== To do ==
Here the job is to copy the data exactly and to exclude every image from it.

== Records for this exercise ==
=== Section Start ===

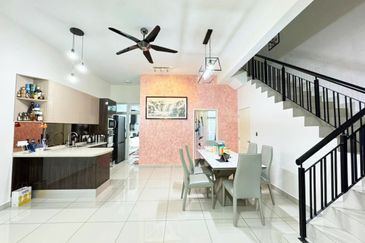 The Canal Garden South, Horizon Hills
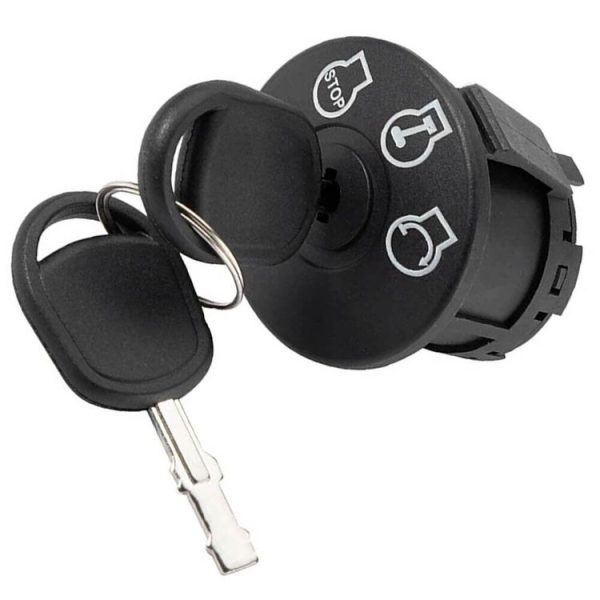 Lawn Mowers MTD Murray 7-Pin Ignition Key Switch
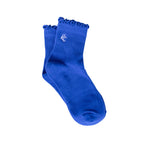 CARLY RAE STUDIO | RUFFLE SOCKS + COLORS Carly Rae Studio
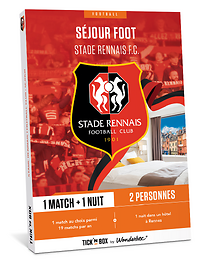 Stade Rennais - Séjour pour 2
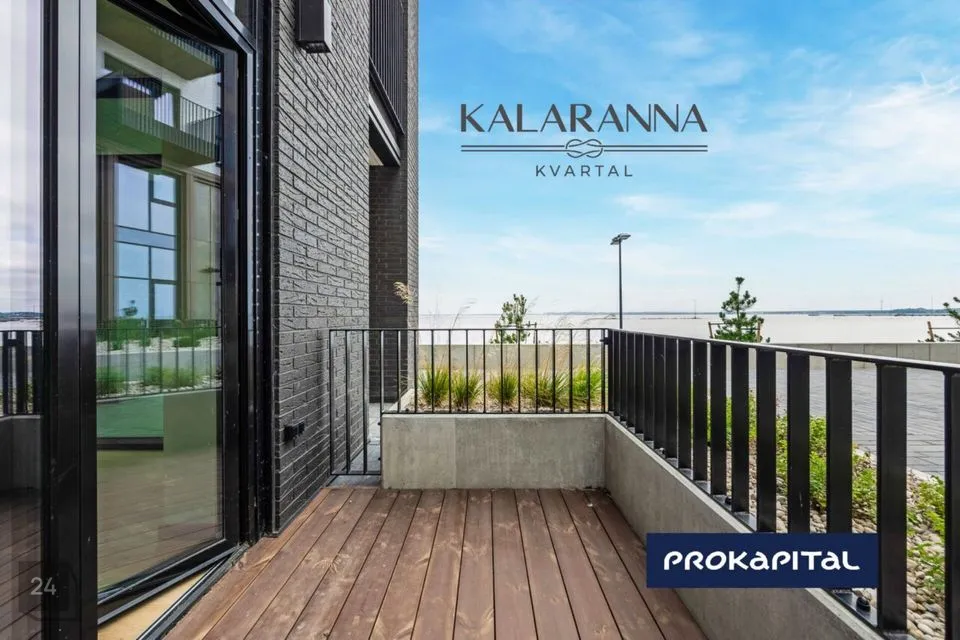 2-toaline Korter - Tallinn, Põhja-Tallinna linnaosa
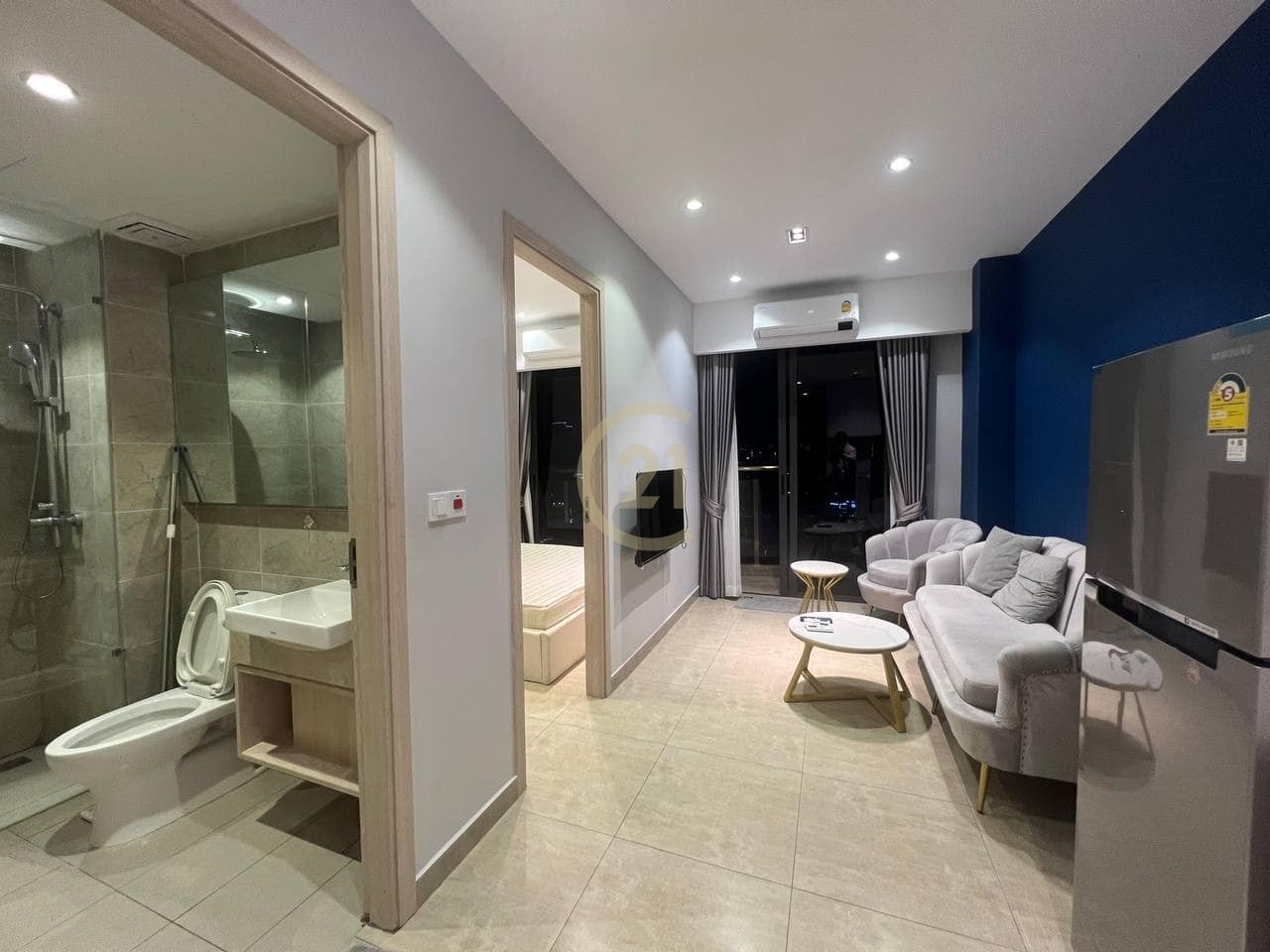 2 Bedroom For Rent At Toul Kork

=== Section End ===

== Written reply ==
 The Canal Garden South, Horizon Hills
 Lawn Mowers MTD Murray 7-Pin Ignition Key Switch
 CARLY RAE STUDIO | RUFFLE SOCKS + COLORS Carly Rae Studio
 Stade Rennais - Séjour pour 2
 2-toaline Korter - Tallinn, Põhja-Tallinna linnaosa
 2 Bedroom For Rent At Toul Kork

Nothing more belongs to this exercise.